In [1]:
# looking at what happens to the encoder when we inject a decoder vector.

In [2]:
import os
import sys
sys.path.append(os.path.abspath('..'))

import torch
from torch.utils.data import DataLoader
from transformer_lens import HookedTransformer
from transformer_lens import utils as tutils
from transformer_lens.evals import make_pile_data_loader, evaluate_on_dataset

from functools import partial
from datasets import load_dataset
from tqdm import tqdm

import einops

from sae_lens import SAE
# from sae_lens.toolkit.pretrained_saes import get_gpt2_res_jb_saes
# from sae_lens import SparseAutoencoder, ActivationsStore

from steering.evals_utils import evaluate_completions, multi_criterion_evaluation
from steering.utils import normalise_decoder
from steering.patch import generate, scores_2d, patch_resid

# from sae_vis.data_config_classes import SaeVisConfig
# from sae_vis.data_storing_fns import SaeVisData

import plotly.express as px
import plotly.graph_objects as go
from plotly.subplots import make_subplots
import pandas as pd

torch.set_grad_enabled(False)

<torch.autograd.grad_mode.set_grad_enabled at 0x7fcf716d8400>

In [3]:
device = torch.device("cuda" if torch.cuda.is_available() else "cpu")
model = HookedTransformer.from_pretrained("gemma-2b", device=device)

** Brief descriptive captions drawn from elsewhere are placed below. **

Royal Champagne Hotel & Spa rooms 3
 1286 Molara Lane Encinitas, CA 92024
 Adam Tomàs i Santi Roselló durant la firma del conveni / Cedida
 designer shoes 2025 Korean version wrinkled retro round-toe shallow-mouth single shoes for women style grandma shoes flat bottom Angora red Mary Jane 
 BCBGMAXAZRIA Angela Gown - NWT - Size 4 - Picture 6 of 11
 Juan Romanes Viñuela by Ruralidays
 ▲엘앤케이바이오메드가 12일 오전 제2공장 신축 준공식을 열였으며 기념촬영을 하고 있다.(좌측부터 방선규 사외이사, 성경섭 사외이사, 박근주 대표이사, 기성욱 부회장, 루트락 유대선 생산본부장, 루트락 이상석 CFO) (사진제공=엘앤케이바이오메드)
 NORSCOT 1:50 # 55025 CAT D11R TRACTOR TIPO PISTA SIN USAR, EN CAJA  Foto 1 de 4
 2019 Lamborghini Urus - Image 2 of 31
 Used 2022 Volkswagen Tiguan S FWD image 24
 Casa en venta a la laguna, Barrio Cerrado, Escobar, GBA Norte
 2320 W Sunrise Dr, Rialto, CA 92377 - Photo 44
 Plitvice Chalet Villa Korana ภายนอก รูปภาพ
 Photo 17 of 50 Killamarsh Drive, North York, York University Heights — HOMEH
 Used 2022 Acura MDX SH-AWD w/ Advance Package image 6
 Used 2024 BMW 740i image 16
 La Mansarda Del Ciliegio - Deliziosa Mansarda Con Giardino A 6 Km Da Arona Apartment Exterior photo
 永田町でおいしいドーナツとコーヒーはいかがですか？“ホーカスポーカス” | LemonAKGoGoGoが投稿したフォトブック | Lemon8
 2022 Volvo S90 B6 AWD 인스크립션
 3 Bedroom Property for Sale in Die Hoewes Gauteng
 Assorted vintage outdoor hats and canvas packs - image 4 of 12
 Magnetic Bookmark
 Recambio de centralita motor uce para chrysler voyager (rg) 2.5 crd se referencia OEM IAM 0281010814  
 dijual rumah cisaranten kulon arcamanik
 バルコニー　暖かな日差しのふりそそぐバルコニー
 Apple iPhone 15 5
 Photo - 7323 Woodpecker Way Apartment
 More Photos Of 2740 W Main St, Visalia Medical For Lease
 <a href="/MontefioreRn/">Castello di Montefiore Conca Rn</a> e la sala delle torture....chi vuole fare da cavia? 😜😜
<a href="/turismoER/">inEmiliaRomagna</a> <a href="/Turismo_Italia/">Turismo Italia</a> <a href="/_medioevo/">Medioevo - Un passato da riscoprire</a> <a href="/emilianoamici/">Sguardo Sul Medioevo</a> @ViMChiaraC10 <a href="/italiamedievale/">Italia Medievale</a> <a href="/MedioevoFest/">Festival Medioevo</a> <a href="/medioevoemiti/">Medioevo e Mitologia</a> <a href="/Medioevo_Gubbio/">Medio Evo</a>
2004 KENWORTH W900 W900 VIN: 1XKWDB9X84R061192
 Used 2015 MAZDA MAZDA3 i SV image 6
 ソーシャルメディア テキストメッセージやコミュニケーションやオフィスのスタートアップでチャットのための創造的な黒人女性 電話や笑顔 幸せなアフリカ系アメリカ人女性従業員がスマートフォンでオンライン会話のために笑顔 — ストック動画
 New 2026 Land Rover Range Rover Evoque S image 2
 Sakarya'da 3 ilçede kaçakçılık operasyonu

`config.hidden_act` is ignored, you should use `config.hidden_activation` instead.
Gemma's activation function will be set to `gelu_pytorch_tanh`. Please, use
`config.hidden_activation` if you want to override this behaviour.
See https://github.com/huggingface/transformers/pull/29402 for more details.


Loading checkpoint shards:   0%|          | 0/2 [00:00<?, ?it/s]



Loaded pretrained model gemma-2b into HookedTransformer


In [4]:
hp6 = "blocks.6.hook_resid_post"

sae6, _, _ = SAE.from_pretrained(
    release = "gemma-2b-res-jb", # see other options in sae_lens/pretrained_saes.yaml
    sae_id = hp6, # won't always be a hook point
    device = 'cpu'
)

sae6 = sae6.to(device)
normalise_decoder(sae6)

In [5]:
# intelligence = sae6.W_dec[10351]   # intelligence and genius
writing = sae6.W_dec[1058]  # writing
anger = sae6.W_dec[1062]  # anger
london = sae6.W_dec[10138]  # London
wedding = sae6.W_dec[8406]  # wedding
broad_wedding = sae6.W_dec[2378] # broad wedding

broad_poetry = sae6.W_dec[11067]  # broad poetry

In [11]:
steer = broad_wedding
scale = 100

In [7]:
batch_size = 8
data = load_dataset("NeelNanda/c4-code-20k", split="train")
tokenized_data = tutils.tokenize_and_concatenate(data, model.tokenizer, max_length=32)
tokenized_data = tokenized_data.shuffle(42)
loader = DataLoader(tokenized_data, batch_size=batch_size)

In [12]:
n_steps = 10

diffs = torch.zeros(sae6.cfg.d_sae, device=sae6.W_dec.device)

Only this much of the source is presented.